### Exercise input
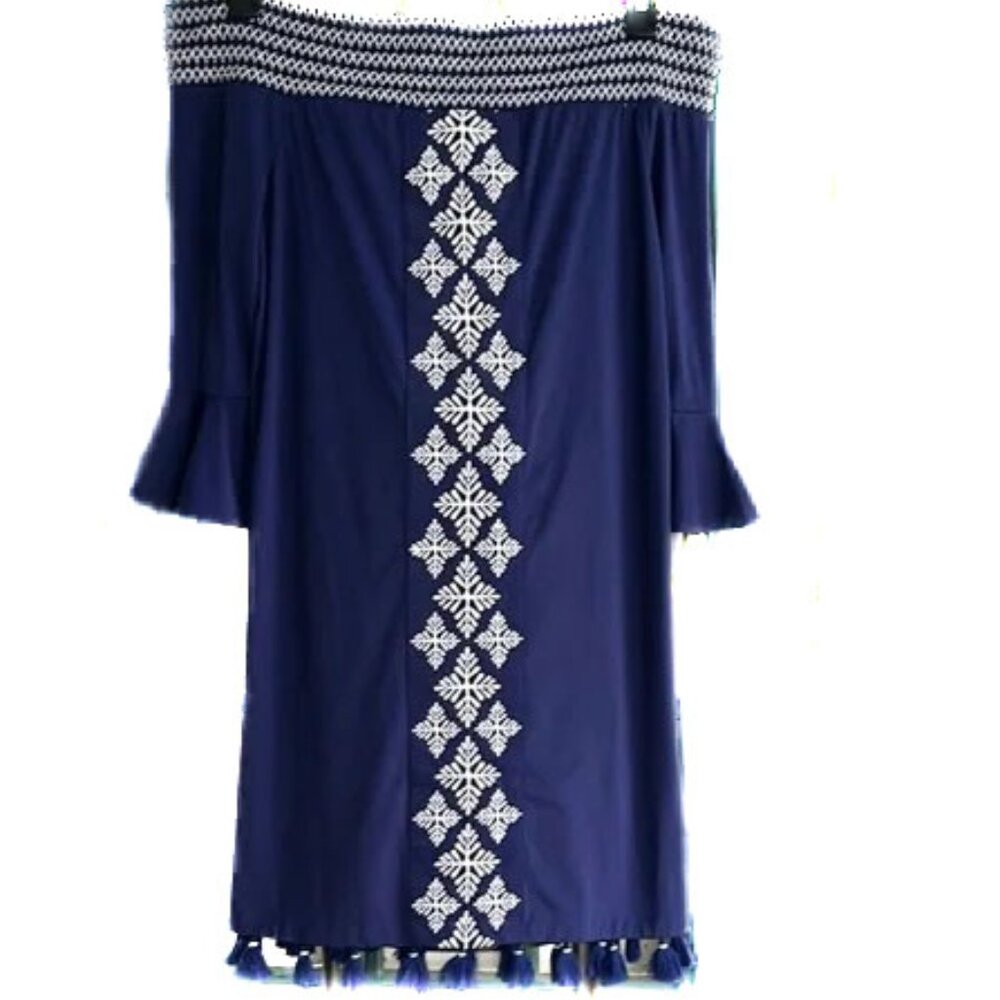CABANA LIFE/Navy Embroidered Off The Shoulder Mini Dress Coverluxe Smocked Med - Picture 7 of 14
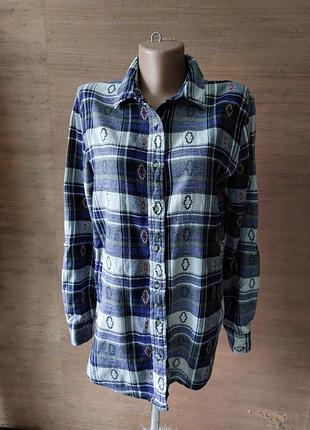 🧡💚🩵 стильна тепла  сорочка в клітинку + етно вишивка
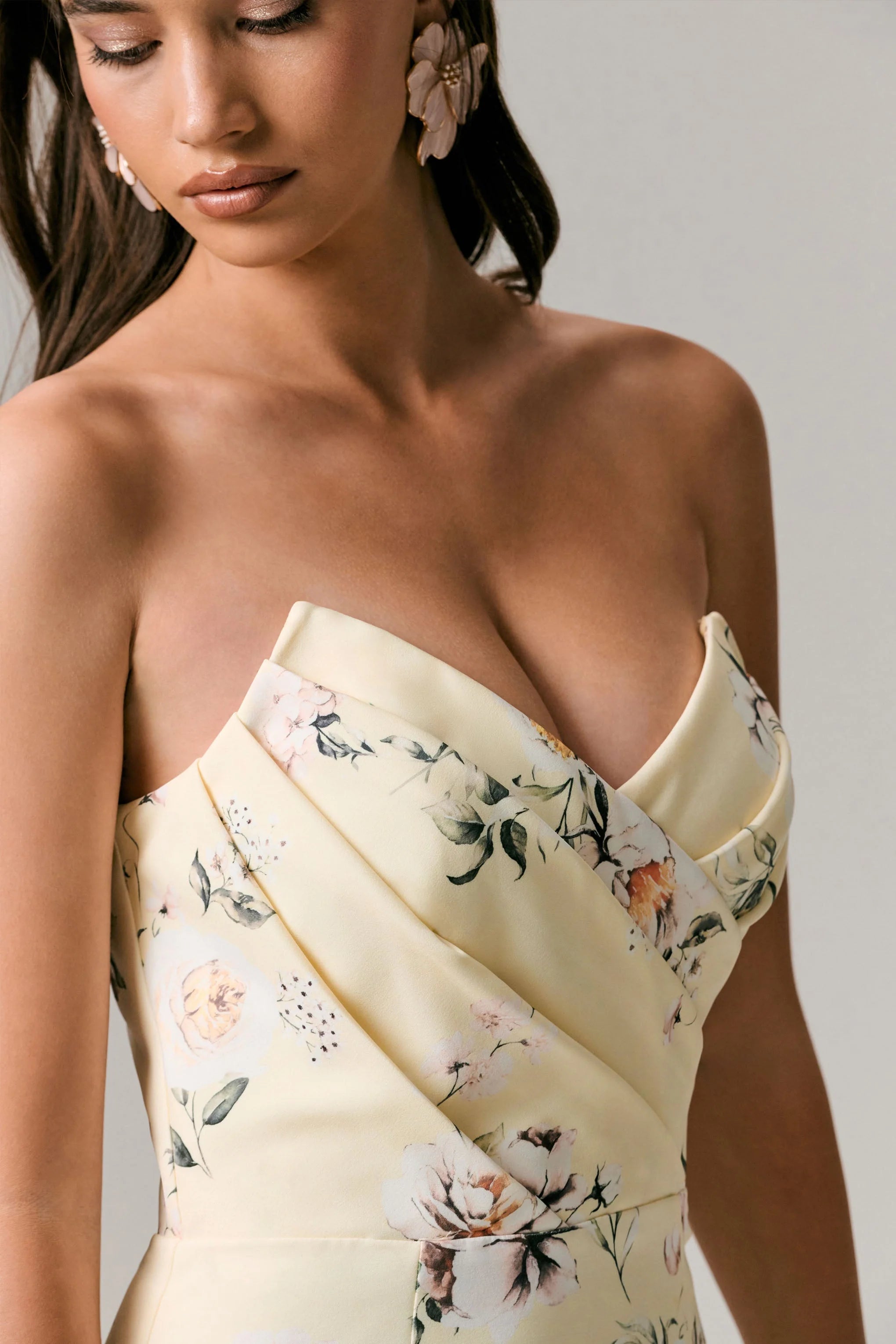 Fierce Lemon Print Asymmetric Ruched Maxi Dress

---

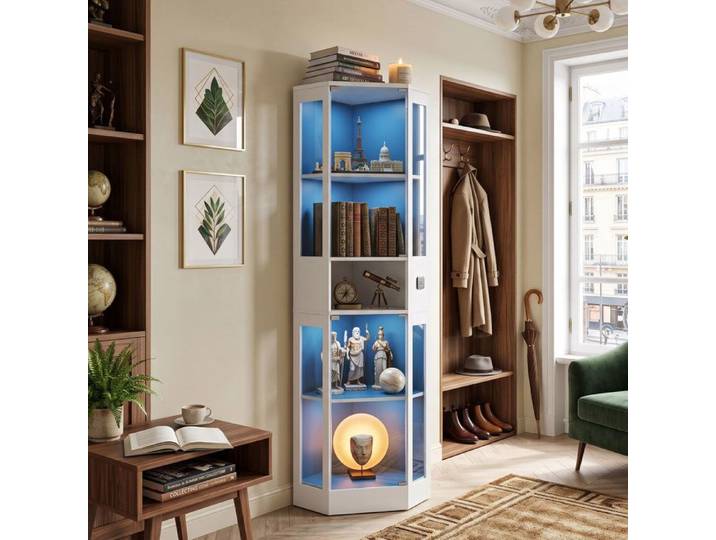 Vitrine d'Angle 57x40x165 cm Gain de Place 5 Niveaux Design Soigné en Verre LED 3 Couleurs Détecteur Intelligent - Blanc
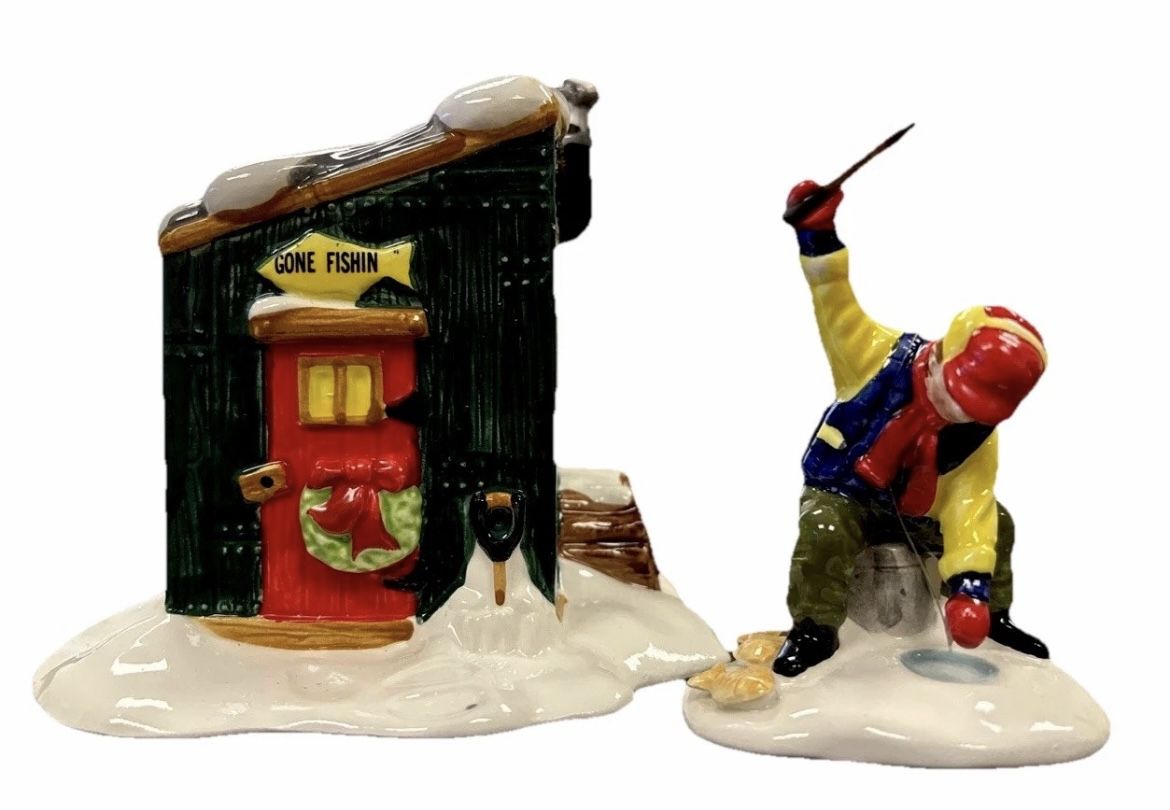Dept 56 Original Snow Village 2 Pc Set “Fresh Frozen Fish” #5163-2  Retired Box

### Activity
What lines above run from the one with "CABANA LIFE/Navy Embroidered" to the one with "Fierce Lemon Print"? Give them again exactly, ends included, and leave the pictures out.

### Answer to the exercise
CABANA LIFE/Navy Embroidered Off The Shoulder Mini Dress Coverluxe Smocked Med - Picture 7 of 14
 🧡💚🩵 стильна тепла  сорочка в клітинку + етно вишивка
 Fierce Lemon Print Asymmetric Ruched Maxi Dress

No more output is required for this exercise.